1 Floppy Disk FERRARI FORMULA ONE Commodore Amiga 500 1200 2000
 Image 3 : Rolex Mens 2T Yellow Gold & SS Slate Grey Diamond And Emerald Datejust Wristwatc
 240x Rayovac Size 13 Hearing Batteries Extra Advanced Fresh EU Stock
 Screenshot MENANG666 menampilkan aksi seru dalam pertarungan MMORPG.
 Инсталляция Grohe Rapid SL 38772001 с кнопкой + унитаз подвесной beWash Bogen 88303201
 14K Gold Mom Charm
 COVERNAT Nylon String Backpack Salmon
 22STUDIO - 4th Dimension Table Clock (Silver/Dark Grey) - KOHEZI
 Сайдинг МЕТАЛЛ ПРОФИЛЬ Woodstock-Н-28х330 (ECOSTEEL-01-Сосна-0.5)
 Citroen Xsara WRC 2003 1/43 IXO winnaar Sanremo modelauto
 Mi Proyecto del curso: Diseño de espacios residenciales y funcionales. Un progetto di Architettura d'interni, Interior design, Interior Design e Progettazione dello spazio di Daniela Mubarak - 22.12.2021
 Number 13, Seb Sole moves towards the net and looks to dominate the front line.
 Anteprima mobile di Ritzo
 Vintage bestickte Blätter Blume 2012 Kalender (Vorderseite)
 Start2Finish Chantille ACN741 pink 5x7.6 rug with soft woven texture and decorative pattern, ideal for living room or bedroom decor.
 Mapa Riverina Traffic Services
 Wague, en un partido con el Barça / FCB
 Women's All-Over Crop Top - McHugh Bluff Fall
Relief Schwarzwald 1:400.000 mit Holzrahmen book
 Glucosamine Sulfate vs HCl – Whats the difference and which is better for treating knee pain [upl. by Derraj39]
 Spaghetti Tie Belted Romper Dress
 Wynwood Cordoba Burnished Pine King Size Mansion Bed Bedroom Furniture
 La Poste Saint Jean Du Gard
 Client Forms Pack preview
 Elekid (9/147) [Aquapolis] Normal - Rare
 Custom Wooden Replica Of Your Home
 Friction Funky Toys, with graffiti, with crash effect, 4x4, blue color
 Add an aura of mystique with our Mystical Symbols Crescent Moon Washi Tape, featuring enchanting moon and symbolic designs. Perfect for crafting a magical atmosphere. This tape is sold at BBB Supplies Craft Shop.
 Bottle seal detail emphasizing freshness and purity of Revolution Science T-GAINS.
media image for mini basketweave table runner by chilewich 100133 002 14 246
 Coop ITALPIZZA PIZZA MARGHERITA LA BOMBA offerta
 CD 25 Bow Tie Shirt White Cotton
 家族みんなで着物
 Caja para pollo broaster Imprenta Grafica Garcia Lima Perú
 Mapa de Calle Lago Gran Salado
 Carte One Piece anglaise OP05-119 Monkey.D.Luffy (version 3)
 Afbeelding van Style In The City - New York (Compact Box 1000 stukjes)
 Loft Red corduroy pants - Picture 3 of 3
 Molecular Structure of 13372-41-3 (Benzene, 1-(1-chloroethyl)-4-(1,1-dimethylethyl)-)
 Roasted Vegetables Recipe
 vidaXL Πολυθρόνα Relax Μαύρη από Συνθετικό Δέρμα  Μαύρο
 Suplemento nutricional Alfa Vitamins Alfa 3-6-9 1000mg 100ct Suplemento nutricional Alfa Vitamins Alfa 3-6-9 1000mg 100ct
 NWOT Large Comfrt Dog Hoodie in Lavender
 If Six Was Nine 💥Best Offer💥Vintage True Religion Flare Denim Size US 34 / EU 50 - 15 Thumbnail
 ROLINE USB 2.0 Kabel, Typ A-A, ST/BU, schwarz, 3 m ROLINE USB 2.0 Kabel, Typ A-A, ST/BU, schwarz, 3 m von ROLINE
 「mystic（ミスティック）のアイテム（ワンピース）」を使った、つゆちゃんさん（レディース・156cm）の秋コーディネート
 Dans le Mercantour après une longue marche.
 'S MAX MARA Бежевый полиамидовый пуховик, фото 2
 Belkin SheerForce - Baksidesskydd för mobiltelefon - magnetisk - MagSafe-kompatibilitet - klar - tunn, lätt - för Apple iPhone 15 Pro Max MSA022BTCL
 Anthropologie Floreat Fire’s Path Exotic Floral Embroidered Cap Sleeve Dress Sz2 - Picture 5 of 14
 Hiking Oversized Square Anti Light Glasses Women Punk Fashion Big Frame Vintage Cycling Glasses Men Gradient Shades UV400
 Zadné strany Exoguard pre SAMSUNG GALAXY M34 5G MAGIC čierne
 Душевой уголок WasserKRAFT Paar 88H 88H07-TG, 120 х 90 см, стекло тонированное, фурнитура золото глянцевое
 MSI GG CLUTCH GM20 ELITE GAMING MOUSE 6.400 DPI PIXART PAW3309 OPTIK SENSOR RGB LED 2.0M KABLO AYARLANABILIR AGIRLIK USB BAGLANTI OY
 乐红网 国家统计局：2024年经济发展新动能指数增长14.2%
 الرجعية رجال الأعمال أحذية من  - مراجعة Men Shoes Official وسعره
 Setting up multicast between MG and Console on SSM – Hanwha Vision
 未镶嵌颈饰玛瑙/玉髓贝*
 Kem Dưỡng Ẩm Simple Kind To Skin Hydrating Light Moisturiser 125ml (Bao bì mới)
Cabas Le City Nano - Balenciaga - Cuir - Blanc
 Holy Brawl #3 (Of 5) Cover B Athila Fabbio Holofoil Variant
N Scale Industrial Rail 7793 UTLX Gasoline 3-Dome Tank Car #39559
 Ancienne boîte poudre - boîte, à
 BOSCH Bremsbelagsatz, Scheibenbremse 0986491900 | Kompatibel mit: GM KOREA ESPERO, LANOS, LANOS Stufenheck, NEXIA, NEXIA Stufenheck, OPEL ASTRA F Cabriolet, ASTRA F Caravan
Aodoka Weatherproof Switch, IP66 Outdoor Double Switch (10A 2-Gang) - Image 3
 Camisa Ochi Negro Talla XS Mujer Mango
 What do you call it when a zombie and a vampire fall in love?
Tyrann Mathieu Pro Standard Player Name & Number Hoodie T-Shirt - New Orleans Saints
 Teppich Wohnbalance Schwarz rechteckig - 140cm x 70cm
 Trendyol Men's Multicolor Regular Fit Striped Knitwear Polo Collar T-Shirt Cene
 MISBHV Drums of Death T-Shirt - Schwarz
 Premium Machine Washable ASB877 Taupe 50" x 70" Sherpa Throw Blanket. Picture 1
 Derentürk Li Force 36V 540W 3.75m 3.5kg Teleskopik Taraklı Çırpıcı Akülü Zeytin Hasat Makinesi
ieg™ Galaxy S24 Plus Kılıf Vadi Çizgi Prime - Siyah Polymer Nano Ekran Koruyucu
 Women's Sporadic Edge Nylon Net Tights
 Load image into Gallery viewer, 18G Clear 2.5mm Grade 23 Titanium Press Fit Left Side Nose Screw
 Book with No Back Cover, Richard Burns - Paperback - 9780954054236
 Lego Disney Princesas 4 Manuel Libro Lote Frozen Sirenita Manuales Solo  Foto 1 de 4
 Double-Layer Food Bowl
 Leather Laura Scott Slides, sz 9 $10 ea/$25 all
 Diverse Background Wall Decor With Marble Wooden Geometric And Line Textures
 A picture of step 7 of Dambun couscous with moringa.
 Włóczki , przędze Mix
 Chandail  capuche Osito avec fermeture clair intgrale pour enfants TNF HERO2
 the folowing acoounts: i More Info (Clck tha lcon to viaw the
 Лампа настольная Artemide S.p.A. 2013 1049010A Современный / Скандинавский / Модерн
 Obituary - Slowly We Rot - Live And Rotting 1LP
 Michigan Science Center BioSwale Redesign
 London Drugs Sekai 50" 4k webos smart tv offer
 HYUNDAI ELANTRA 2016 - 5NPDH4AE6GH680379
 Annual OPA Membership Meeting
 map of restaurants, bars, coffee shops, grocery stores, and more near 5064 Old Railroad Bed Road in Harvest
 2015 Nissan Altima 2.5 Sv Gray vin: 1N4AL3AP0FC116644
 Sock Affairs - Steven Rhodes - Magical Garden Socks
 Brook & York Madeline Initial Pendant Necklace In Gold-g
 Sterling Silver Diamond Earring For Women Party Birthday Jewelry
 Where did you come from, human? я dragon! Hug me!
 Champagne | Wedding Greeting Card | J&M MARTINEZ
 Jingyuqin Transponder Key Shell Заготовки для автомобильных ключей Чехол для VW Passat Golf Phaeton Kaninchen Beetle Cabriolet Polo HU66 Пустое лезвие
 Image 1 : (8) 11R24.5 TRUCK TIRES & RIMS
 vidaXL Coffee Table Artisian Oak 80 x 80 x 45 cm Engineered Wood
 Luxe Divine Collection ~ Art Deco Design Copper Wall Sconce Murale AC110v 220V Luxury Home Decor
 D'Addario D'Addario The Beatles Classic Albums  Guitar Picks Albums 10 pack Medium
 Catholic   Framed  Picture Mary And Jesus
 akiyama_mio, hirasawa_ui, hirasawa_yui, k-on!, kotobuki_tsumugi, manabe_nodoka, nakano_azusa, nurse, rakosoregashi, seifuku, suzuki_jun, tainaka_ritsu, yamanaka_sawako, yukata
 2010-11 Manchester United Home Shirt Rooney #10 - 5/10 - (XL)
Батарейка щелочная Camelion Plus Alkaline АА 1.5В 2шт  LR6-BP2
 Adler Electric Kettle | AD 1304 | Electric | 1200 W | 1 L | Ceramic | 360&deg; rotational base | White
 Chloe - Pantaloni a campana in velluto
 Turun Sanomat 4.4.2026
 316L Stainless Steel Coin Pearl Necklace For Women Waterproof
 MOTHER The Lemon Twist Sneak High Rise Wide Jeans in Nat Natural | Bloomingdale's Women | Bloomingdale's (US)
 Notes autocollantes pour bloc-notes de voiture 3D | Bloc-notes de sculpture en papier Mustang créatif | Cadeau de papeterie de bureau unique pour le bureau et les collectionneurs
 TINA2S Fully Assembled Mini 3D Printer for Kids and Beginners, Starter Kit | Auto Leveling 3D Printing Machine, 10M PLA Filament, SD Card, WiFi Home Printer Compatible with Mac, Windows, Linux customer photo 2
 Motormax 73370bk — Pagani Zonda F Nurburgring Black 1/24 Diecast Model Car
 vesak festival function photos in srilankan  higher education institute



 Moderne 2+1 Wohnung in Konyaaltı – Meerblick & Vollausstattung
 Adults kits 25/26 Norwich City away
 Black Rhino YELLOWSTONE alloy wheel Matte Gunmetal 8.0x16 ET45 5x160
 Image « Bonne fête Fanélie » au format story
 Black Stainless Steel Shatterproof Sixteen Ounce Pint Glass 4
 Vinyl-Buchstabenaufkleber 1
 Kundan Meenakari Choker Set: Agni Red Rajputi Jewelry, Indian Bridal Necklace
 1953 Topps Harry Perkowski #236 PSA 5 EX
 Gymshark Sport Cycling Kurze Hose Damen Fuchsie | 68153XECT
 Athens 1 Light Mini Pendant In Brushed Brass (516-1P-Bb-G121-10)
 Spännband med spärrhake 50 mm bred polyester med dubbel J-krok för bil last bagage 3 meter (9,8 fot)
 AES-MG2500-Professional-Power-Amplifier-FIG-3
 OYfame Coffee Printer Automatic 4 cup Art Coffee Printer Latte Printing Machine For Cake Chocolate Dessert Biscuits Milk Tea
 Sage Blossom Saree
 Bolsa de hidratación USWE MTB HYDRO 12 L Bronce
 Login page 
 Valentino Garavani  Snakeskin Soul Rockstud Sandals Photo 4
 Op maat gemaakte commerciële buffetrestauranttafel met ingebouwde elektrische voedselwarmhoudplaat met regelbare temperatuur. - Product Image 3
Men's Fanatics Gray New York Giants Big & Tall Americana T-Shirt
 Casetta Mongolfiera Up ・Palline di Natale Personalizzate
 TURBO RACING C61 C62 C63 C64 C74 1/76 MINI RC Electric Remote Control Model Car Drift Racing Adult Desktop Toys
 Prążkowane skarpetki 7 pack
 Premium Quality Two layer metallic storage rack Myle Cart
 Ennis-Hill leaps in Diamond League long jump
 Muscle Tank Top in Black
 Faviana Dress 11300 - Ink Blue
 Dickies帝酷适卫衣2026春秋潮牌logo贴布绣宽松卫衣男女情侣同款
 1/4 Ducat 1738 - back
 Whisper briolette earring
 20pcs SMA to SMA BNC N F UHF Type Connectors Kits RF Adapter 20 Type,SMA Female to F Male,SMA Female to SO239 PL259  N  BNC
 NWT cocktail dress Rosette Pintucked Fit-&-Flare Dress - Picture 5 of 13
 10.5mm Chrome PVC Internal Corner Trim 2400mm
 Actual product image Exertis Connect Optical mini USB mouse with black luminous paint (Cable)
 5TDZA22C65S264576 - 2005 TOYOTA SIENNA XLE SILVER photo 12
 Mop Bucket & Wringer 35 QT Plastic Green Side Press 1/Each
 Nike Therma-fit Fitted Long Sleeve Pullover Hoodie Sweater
━━━━━━━━━━━━━━━━━━━━
(ASSIGNMENT): For this exercise, output exactly the lines above from the line with "vidaXL Πολυθρόνα Relax" to the line with "乐红网 国家统计局：2024年经济发展新动能指数增长14.2%", counting both, and leave out the rest.

(WORKED SOLUTION):
 vidaXL Πολυθρόνα Relax Μαύρη από Συνθετικό Δέρμα  Μαύρο
 Suplemento nutricional Alfa Vitamins Alfa 3-6-9 1000mg 100ct Suplemento nutricional Alfa Vitamins Alfa 3-6-9 1000mg 100ct
 NWOT Large Comfrt Dog Hoodie in Lavender
 If Six Was Nine 💥Best Offer💥Vintage True Religion Flare Denim Size US 34 / EU 50 - 15 Thumbnail
 ROLINE USB 2.0 Kabel, Typ A-A, ST/BU, schwarz, 3 m ROLINE USB 2.0 Kabel, Typ A-A, ST/BU, schwarz, 3 m von ROLINE
 「mystic（ミスティック）のアイテム（ワンピース）」を使った、つゆちゃんさん（レディース・156cm）の秋コーディネート
 Dans le Mercantour après une longue marche.
 'S MAX MARA Бежевый полиамидовый пуховик, фото 2
 Belkin SheerForce - Baksidesskydd för mobiltelefon - magnetisk - MagSafe-kompatibilitet - klar - tunn, lätt - för Apple iPhone 15 Pro Max MSA022BTCL
 Anthropologie Floreat Fire’s Path Exotic Floral Embroidered Cap Sleeve Dress Sz2 - Picture 5 of 14
 Hiking Oversized Square Anti Light Glasses Women Punk Fashion Big Frame Vintage Cycling Glasses Men Gradient Shades UV400
 Zadné strany Exoguard pre SAMSUNG GALAXY M34 5G MAGIC čierne
 Душевой уголок WasserKRAFT Paar 88H 88H07-TG, 120 х 90 см, стекло тонированное, фурнитура золото глянцевое
 MSI GG CLUTCH GM20 ELITE GAMING MOUSE 6.400 DPI PIXART PAW3309 OPTIK SENSOR RGB LED 2.0M KABLO AYARLANABILIR AGIRLIK USB BAGLANTI OY
 乐红网 国家统计局：2024年经济发展新动能指数增长14.2%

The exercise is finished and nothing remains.